Application-Aware Video Coding

Application-Aware Video Coding

Application-Aware Video Coding

Conventionally, video encoder is optimised for efficient bandwidth utilisation in video communications, where the distortion due to lossy compression is minimised given the affordable compressed data rate. However, video utilisation has evolved over the past decade, to video content-based industrial applications in other domains such as secu- rity and control systems. Similarly, in multimedia applications there is an increasing demand for content-based functionalities for video organisation and flexible access.
In real-time scenarios, these applications can exploit information embedded in the compressed video to fulfil the demand for efficient video content analysis. However, compressed-domain video analysis remains a challenge, because of sparsity and noise in the compressed features. This is due to conventional encoder implementation, lim- ited to optimising compression, which does not necessarily result in content descriptive compressed features. Compression efficiency is critical for optimum use of bandwidth and storage resources. On the other hand, other aspects of video utilisation such as video content-based applications would benefit from enhanced accuracy of content rep- resentation in the compressed video stream.
In order to achieve fast and reliable video content analysis, this thesis investigates alter- natives to conventional video encoding that would enhance the accuracy of compressed features, while maintaining compliance with the mainstream video coding standards. A generic Application-Aware Video Coding framework is proposed, which incorporates the accuracy of compressed features in parallel with rate-distortion optimisation criterion.
By considering encoder motion estimation for temporal prediction, the proposed frame- work was evaluated in three stages. A region-based video encoder optimisation criterion was developed, to identify and encode foreground regions using accurate motion data. The optimisation is steered by a hierarchical motion estimation based on intensity- gradients. This was then extended as a motion accuracy constrained rate-distortion optimisation, using spatial and temporal correlation of motion activity in the local neighbourhood, to accommodate multimodal motion.
Finally, an unconstrained optimisation model that combines Rate-Distortion and Motion- Description-Error was developed, leading to fully scalable implementation of the frame- work. A motion calibrated synthetic data set covering different scene complexities was designed to analyse the framework under known motion content. A mathematical model for Motion-Description-Error was derived as a function of optimisation parame- ters, scene complexity and encoder configuration. It is demonstrated that the proposed optimisation framework can reduce the extent of noise in estimated motion by 50%- 60%, without compromising on rate distortion performance or encoder complexity.

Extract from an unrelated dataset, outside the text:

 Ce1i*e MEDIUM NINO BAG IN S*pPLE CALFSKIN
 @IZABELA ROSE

Compressed domain video object tracking

We proposed a new approach for the fast compressed domain analysis utilising motion data from the encoded bit-streams in order to achieve low-processing complexity of object tracking in the surveillance videos. The algorithm estimates the trajectory of video objects by using compressed domain motion vectors extracted directly from standard H.264/MPEG-4 Advanced Video Coding (AVC) and Scalable Video Coding (SVC) bit-streams. The experimental results show comparable tracking precision when evaluated against the standard algorithms in uncompressed domain, while maintaining low computational complexity and fast processing time, thus making the algorithm suitable for real time and streaming applications where good estimates of object trajectories have to be computed fast.

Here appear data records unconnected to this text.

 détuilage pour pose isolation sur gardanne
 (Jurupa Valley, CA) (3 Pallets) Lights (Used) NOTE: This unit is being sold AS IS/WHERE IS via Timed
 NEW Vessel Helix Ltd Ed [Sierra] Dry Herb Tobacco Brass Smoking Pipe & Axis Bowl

Fast analysis of scalable video for adaptive browsing interfaces

This work introduces a framework for video summarisation and browsing by utilising inherently hierarchical compressed-domain features of scalable video and efficient dynamic video summarisation. This approach enables instant adaptability of generated video summaries to available channel bandwidth as well as display resources. By utilising compressed domain features an efficient hierarchical analysis of motion activity at different layers of complexity is achieved. Exploiting a contour evolution algorithm, a scale space of temporal video descriptors is generated, enabling rapid video summarisation. Given the spatial resources of the terminal display and generated video summary, the final browsing layout is generated utilising an unsupervised robust spectral clustering technique and a fast discrete optimisation algorithm. Results show excellent scalability of the video summaries and good algorithm efficiency.